Many contracts contain capitalized clauses, for example:
Limitation of Liability. NOTWITHSTANDING ANYTHING IN THIS AGREEMENT TO THE CONTRARY, NEITHER PARTY SHALL BE LIABLE TO THE OTHER PARTY FOR SPECIAL, INDIRECT, CONSEQUENTIAL, PUNITIVE, OR EXEMPLARY DAMAGES SUFFERED BY SUCH PARTY RESULTING FROM OR ARISING OUT OF THIS AGREEMENT OR THE BREACH THEREOF OR UNDER ANY OTHER THEORY OF LIABILITY, WHETHER TORT, NEGLIGENCE, STRICT LIABILITY, BREACH OF CONTRACT, WARRANTY, INDEMNITY OR OTHERWISE, INCLUDING LOSS OF USE, INCREASED COST OF OPERATIONS, LOSS OF PROFIT OR REVENUE, OR BUSINESS INTERRUPTIONS; PROVIDED, HOWEVER, THAT THE FOREGOING LIMITATION SHALL NOT APPLY TO ANY DAMAGE CLAIM ASSERTED BY OR AWARDED TO A THIRD PARTY FOR WHICH A PARTY WOULD OTHERWISE BE LIABLE UNDER ANY INDEMNIFICATION PROVISION SET FORTH HEREIN.

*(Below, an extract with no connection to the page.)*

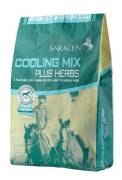 SARACEN Horse & Pony Cooling Mix 20kg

Does any law require a provision in commercial contracts to be in capital letters?
Indeed, some statutes specify that certain statements must be in all capitals, for example, 2021 Arizona Revised Statutes § 12-1366(C). Others do so de facto by stating in all capitals text that one contract party must include in the contract, for example, 2021 Florida Statutes § 718.202(3) and 2021 Oregon Revised Statutes § 93.040.
Apart from these exceptions, Section 2-316(2) of the Uniform Commercial Code (U.C.C.) only states that a disclaimer of the implied warranty of merchantability must be conspicuous. In addition, Section 1-201(10) of the U.C.C. specifies that "language in the body of a form is 'conspicuous' if it is in larger or other contrasting type or color"; it doesn't say anything about all capitals.
American General Finance, Inc. v. Bassett (In re Bassett), 285 F.3d 882 (2002) debunked the notion that text needs to be in all caps to be conspicuous. The court stated: "The use of capitals as a talisman of conspicuousness has survived intact despite decades of improved literacy and technology. Even some web page 'click-through' agreements have clauses written in capitals, though there are better ways of making text stand out in a web browser window. Lawyers who think their caps lock keys are instant 'make conspicuous' buttons are deluded. A sentence in capitals, buried deep within a long paragraph in capitals will probably not be deemed conspicuous. [...] Thus, it is entirely possible for text to be conspicuous without being in capitals."
In my opinion, it's hilarious to see all capital clauses in commercial contracts, even when U.S. Law is not applicable. Under German Law, section 305c German Civil Code (BGB) provides that a provision in standard business terms, which is so unusual that the other contract party need not expect to encounter it, does not form part of the contract. According to the German courts, a provision is not unusual if the corresponding contract party emphasizes it in the contract. However, there are no specific requirements for how to highlight such provisions.
As a result, unless a statute requires it, don't use all capitals to emphasize a provision.
Incidentally, conspicuousness and readability are not the same. For example, using all capitals makes it hard to read once readers focus their attention on it. There is a better way to achieve both by using modern contract design.